The NTH_VALUE function has the below syntax
NTH_VALUE (, ) [FROM FIRST | FROM LAST] [RESPECT NULLS | IGNORE NULLS] OVER (PARTITION BY ORDER BY )
In the above syntax, [FROM FIRST | FROM LAST] is an optional clause which determines whether the operation has to start from first row or last row. By default, it is FROM FIRST.
[RESPECT NULLS| IGNORE NULLS] clause determines whether NULL values are to be included or excluded in the calculation. By default, it is RESPECT NULLS.
The OVER()clause creates the window for the analytic operation.
Analytic behavior of NTH_VALUE function
We shall illustrate the analytic applications of NTH_VALUE function in the below examples.
Very often we come across the scenarios where we need to retrieve the second highest salary drawer in each job category. Using sub queries and multiple analytic functions, it used to be a cumbersome workaround solution. Let us observe how NTH_VALUE function simplifies the solution.
SELECT job, ename,sal, NTH_VALUE (sal,2) OVER (PARTITION BY job ORDER BY sal DESC) SECOND FROM employees ORDER BY job, sal DESC /
In the above output, note the second highest salary in each job category; Adams is the second highest paid clerk while Blake is the second highest paid manager.

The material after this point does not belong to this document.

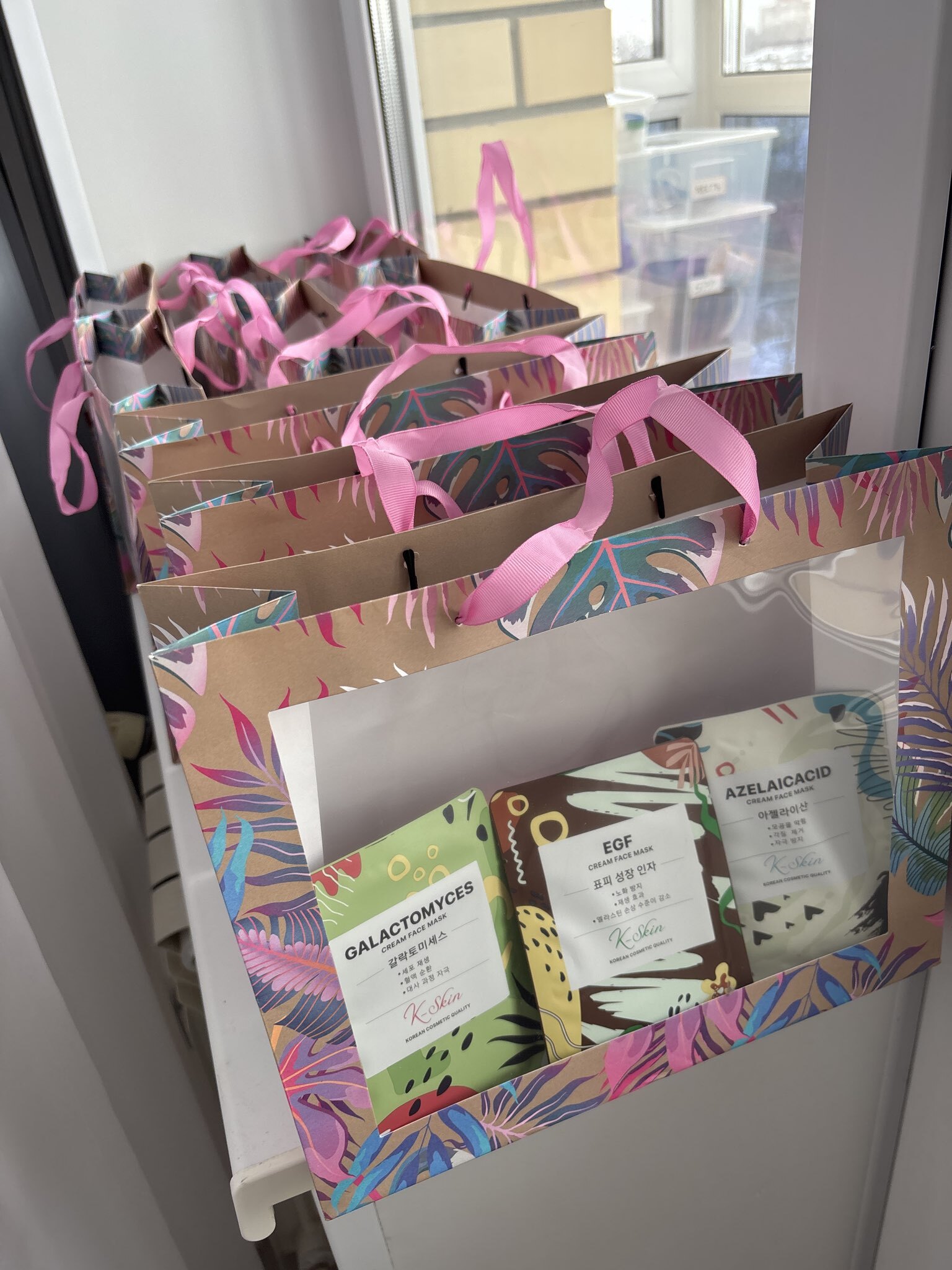 Фотография покупателя товара Пакет подарочный крафтовый с пластиковым окном, упаковка, «Мужской», 31×26×10 см - Фото 1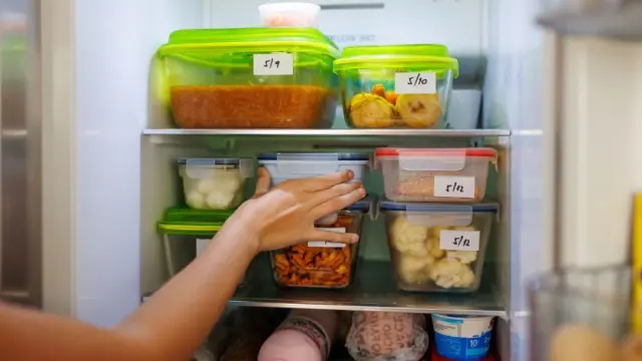 Los más organizados, además de guardar las sobras en recipientes con tapas, les escriben la fecha de preparación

Comparing NTH_VALUE against its predecessors FIRST_VALUE and LAST_VALUE, the
function can well derive its predecessors too. NTH_VALUE (column, 1) FROM FIRST is equivalent to FIRST_VALUE while NTH_VALUE (column, 1) FROM LAST is equivalent to LAST_VALUE.
Conclusion
The article describes the aggregate and analytic enhancements made in Oracle 11g. With the new inductions, previously practiced workaround solutions would surely be relieved off. I hope my efforts to describe the usage and applications of the functions would be fair and considerable.